**EXERCISE GOAL**
Your answer must restate each entry below word for word, with no pictures in it.

**INPUT MATERIAL**
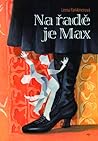 Na řadě je Max by Leena Parkkinen Na řadě je Max by Leena Parkkinen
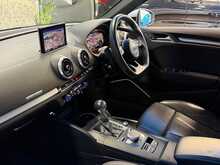 Audi S3 TFSI Black Edition - U14050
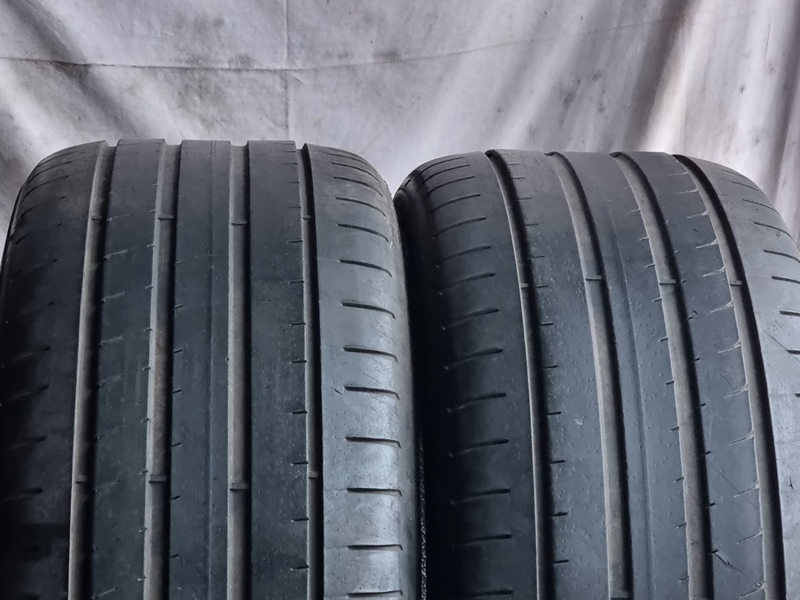 Letní pneu Goodyear F1 245 45 18 (č.P2)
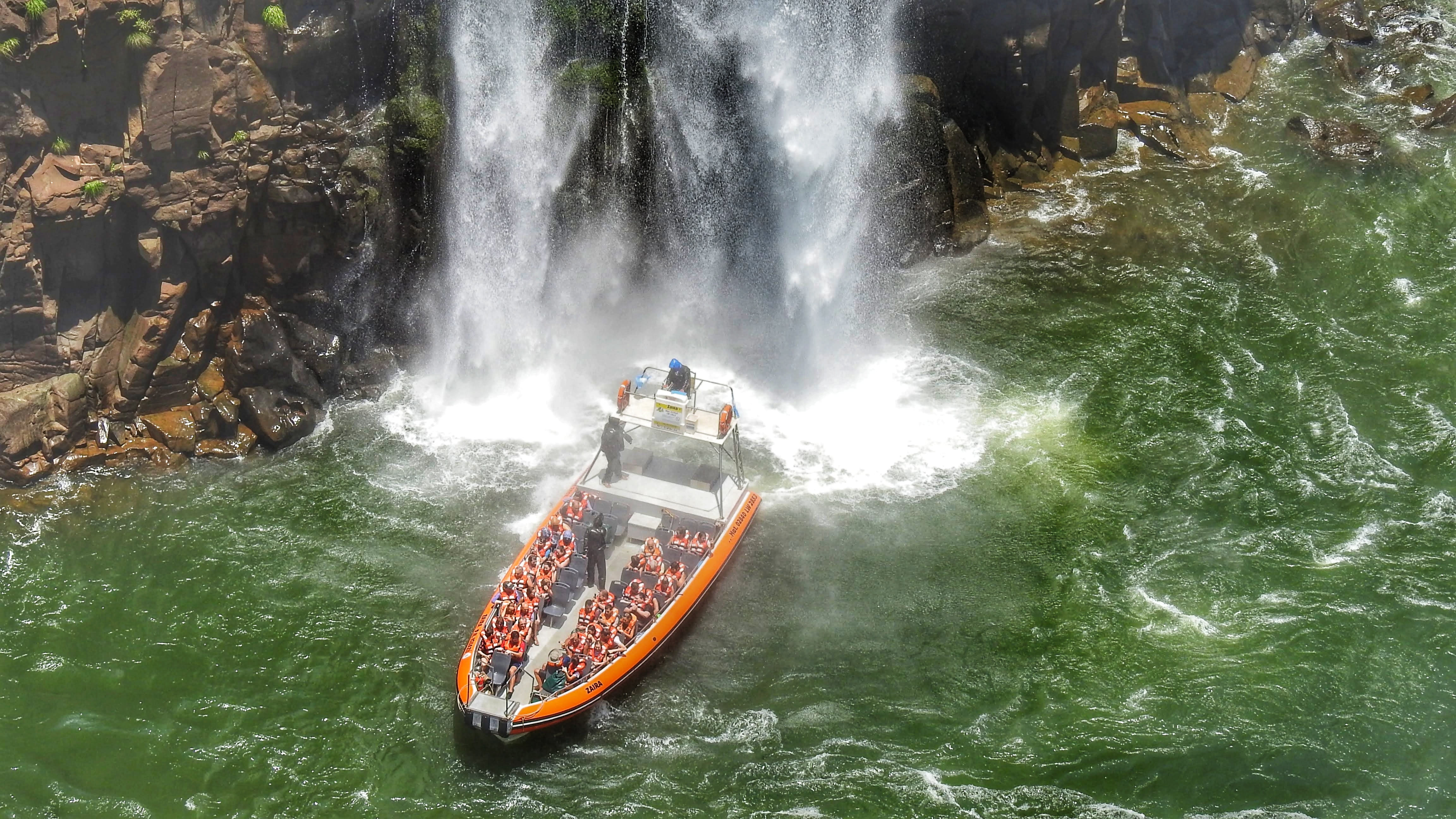 Iguassu Falls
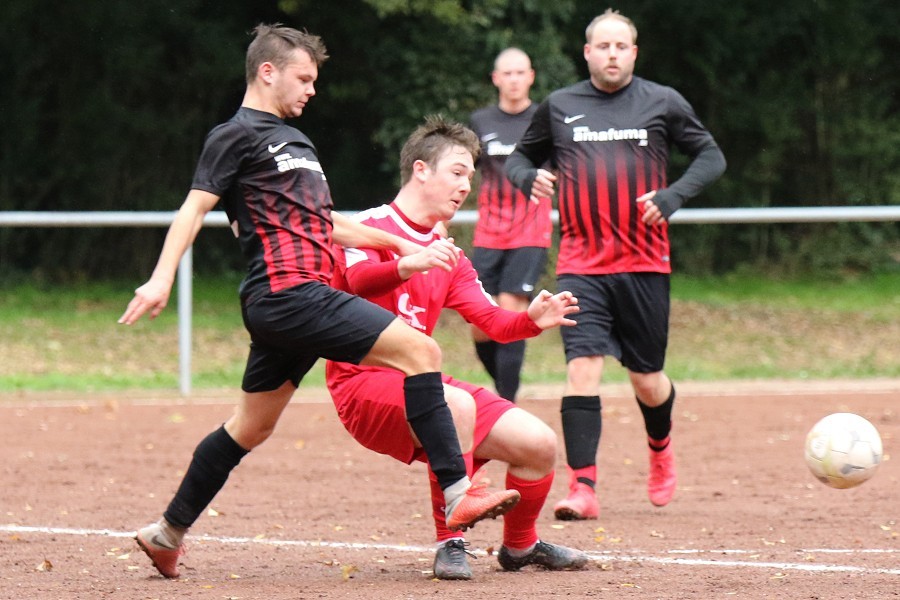 BSV Leutherheide II vs. SC Schiefbahn II (2020/21)_5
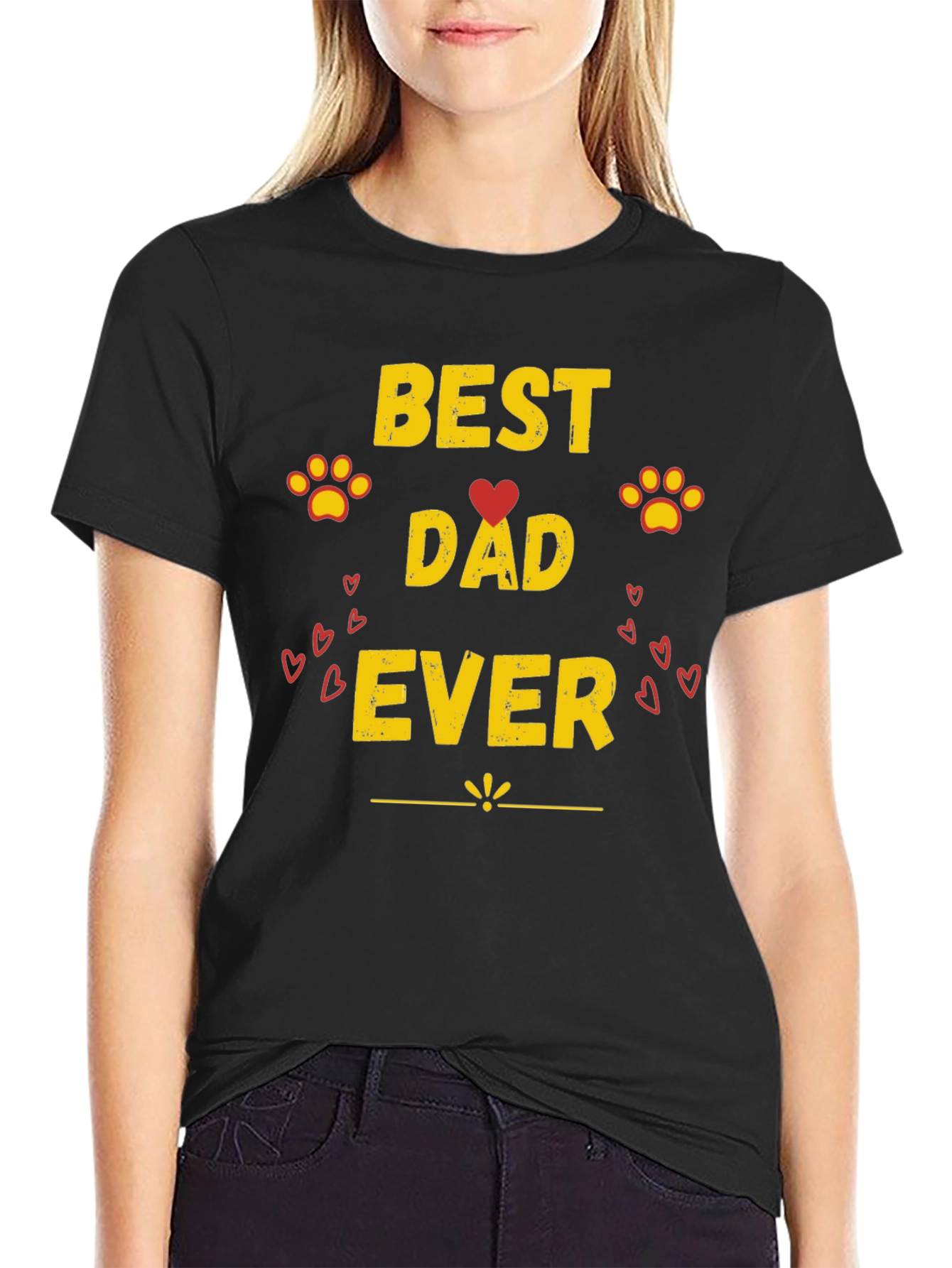 Best Dad Ever T-Shirt
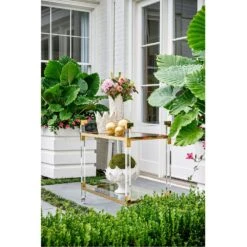 Hammered Ball - Gold - Medium 8 Hammered Ball - Gold - Medium -Best Decoration Shop 383043 3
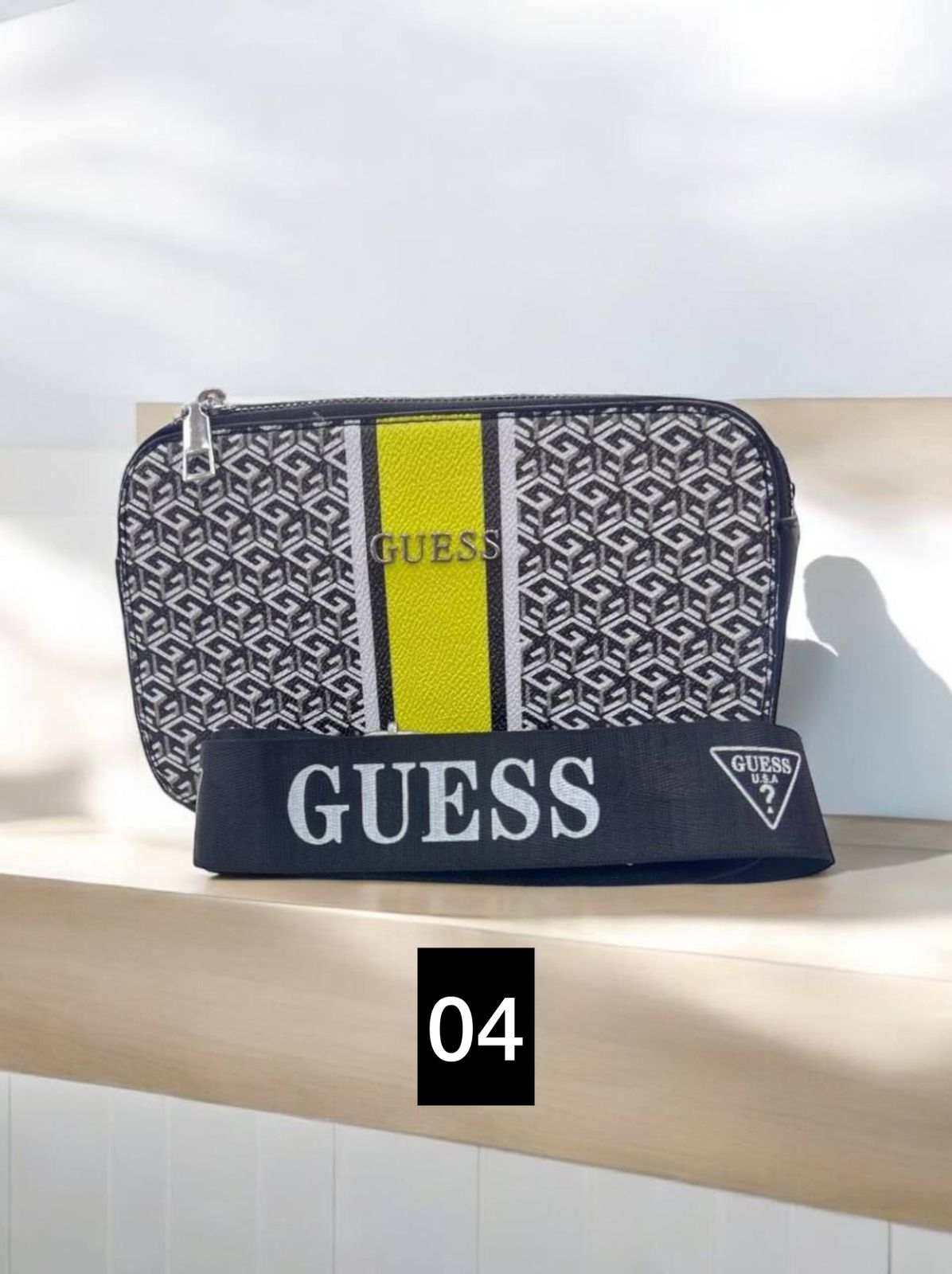 Cartera Crossbody
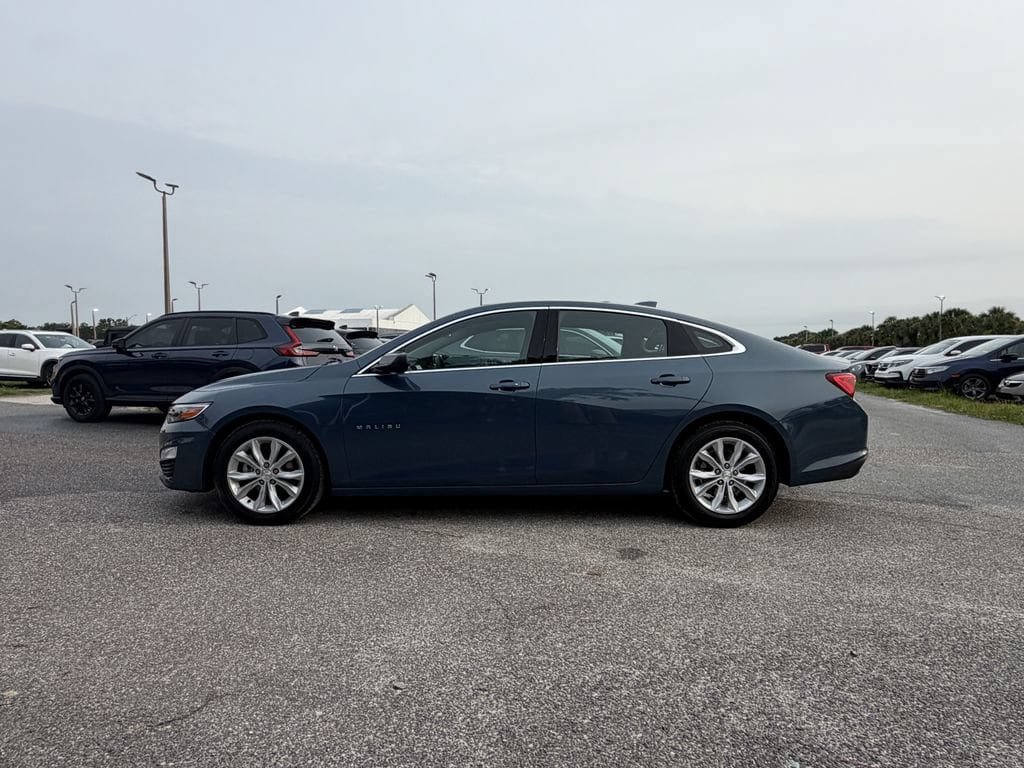 Used 2024 Chevrolet Malibu LT FWD image 8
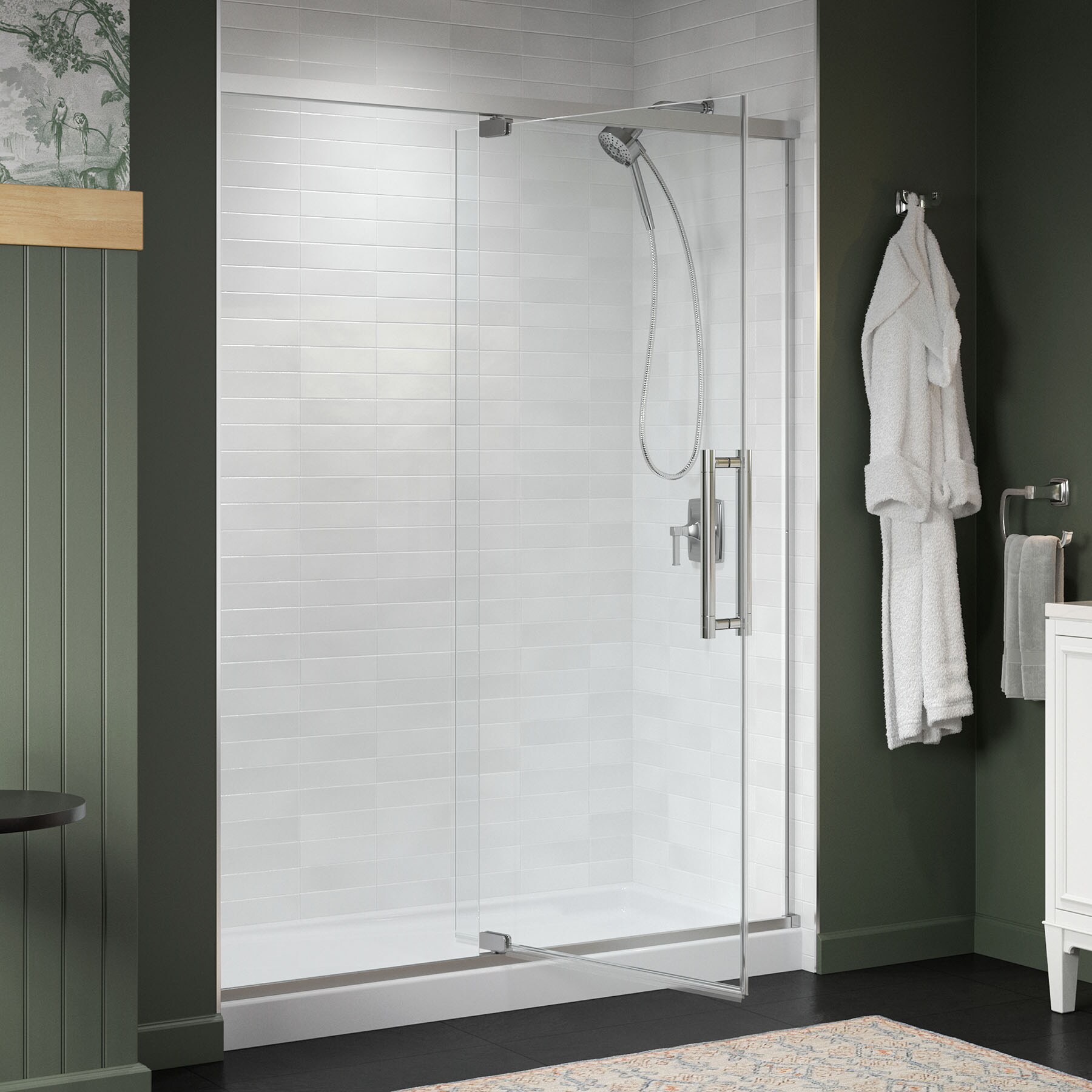 KOHLER 702477-8L-SHP Shower-Doors - View #4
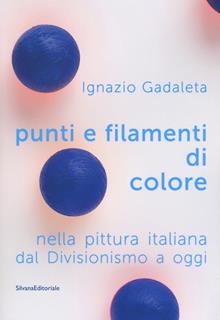 Punti e filamenti di colore nella pittura italiana dal Divisionismo ad oggi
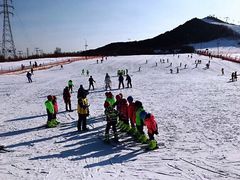-北京莲花山滑雪场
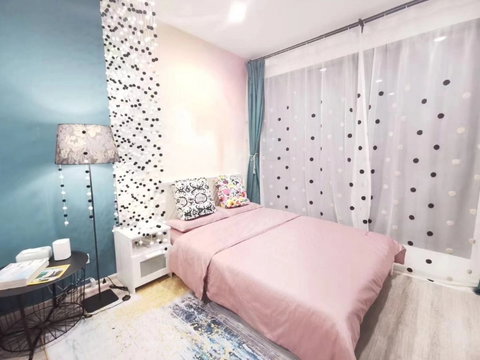 ไอดิโอ โมบิ อโศก | 26 ตร.ม. ชั้น 21 |  MRT เพชรบุรี | **ค่าเช่า 18,000 นัดชม แอดไลน์ ID : @property.ma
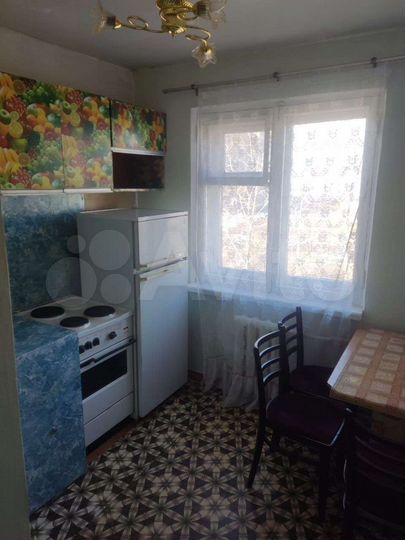 2-к. квартира, 46,5 м², 5/5 эт.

**EXERCISE RESULT**
 Na řadě je Max by Leena Parkkinen Na řadě je Max by Leena Parkkinen
 Audi S3 TFSI Black Edition - U14050
 Letní pneu Goodyear F1 245 45 18 (č.P2)
 Iguassu Falls
 BSV Leutherheide II vs. SC Schiefbahn II (2020/21)_5
 Best Dad Ever T-Shirt
 Hammered Ball - Gold - Medium 8 Hammered Ball - Gold - Medium -Best Decoration Shop 383043 3
 Cartera Crossbody
 Used 2024 Chevrolet Malibu LT FWD image 8
 KOHLER 702477-8L-SHP Shower-Doors - View #4
 Punti e filamenti di colore nella pittura italiana dal Divisionismo ad oggi
-北京莲花山滑雪场
 ไอดิโอ โมบิ อโศก | 26 ตร.ม. ชั้น 21 |  MRT เพชรบุรี | **ค่าเช่า 18,000 นัดชม แอดไลน์ ID : @property.ma
 2-к. квартира, 46,5 м², 5/5 эт.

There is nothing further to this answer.